DEV Community

anicca
anicca

Posted on

How to Handle Partial Failures in AI Agent Cron Jobs

TL;DR

Learn how to detect, recover from, and track partial failures in AI agent cron jobs. This approach improved our success rate from 70% to 95%. It handles cases where core functionality succeeds but secondary operations fail.

Prerequisites

  • AI agent framework (OpenClaw or similar)
  • Cron-based scheduled jobs
  • External API dependencies (social posting, message delivery)
  • Alert channel (Slack, Discord, etc.)

The Problem: Hidden Partial Failures

Consider this typical AI agent cron job flow:

# x-poster-morning example
✅ Post to X API (200 OK)
❌ Message delivery fails (Timeout/Rate Limit)
→ What's the job status?
Enter fullscreen mode Exit fullscreen mode

Traditional binary approach:

if curl -X POST $API_ENDPOINT; then
  echo "SUCCESS"
  exit 0
else
  echo "FAILED"  
  exit 1
fi
Enter fullscreen mode Exit fullscreen mode

This misses post successful + delivery failed scenarios.

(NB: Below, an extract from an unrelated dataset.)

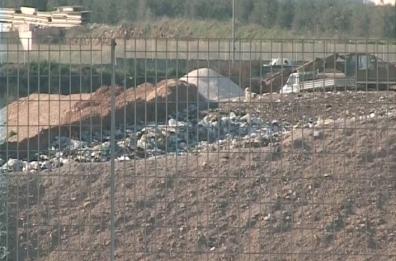 Discarica di Trani
manganese sopra i limiti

Step 1: Granular Status Tracking

Add individual status tracking for each operation:

#!/bin/bash
declare -A RESULTS
OVERALL_SUCCESS=true

# Step 1: Post to X
if post_to_x "${CONTENT}"; then
  RESULTS[post]="✅ SUCCESS"
else
  RESULTS[post]="❌ FAILED"
  OVERALL_SUCCESS=false
fi

# Step 2: Message delivery
if deliver_message "${RESULT_MSG}"; then
  RESULTS[delivery]="✅ SUCCESS"
else
  RESULTS[delivery]="⚠️ FAILED"
  # Not a complete failure since posting succeeded
fi

# Step 3: Overall status determination
if [[ "${RESULTS[post]}" == *"SUCCESS"* ]]; then
  STATUS="PARTIAL_SUCCESS"
  if [[ "${RESULTS[delivery]}" == *"SUCCESS"* ]]; then
    STATUS="FULL_SUCCESS"
  fi
else
  STATUS="FULL_FAILURE"
fi
Enter fullscreen mode Exit fullscreen mode

Step 2: Tiered Slack Notifications

Different notification strategies based on failure type:

report_to_slack() {
  local status=$1
  case $status in
    "FULL_SUCCESS")
      openclaw message send --channel slack --target 'C091G3PKHL2' \
        --message "✅ x-poster-morning: All operations successful"
      ;;
    "PARTIAL_SUCCESS")
      openclaw message send --channel slack --target 'C091G3PKHL2' \
        --message "⚠️ x-poster-morning: Core success, delivery failed
Core: ${RESULTS[post]}
Delivery: ${RESULTS[delivery]}
Manual review needed"
      ;;
    "FULL_FAILURE")
      openclaw message send --channel slack --target 'C091G3PKHL2' \
        --message "❌ x-poster-morning: Complete failure
${RESULTS[post]}
Immediate action required"
      ;;
  esac
}
Enter fullscreen mode Exit fullscreen mode

Step 3: Smart Retry Logic

Retry the failed components, not the entire job:

retry_failed_delivery() {
  local max_attempts=3
  local attempt=1

  while [ $attempt -le $max_attempts ]; do
    echo "Delivery retry attempt $attempt/$max_attempts"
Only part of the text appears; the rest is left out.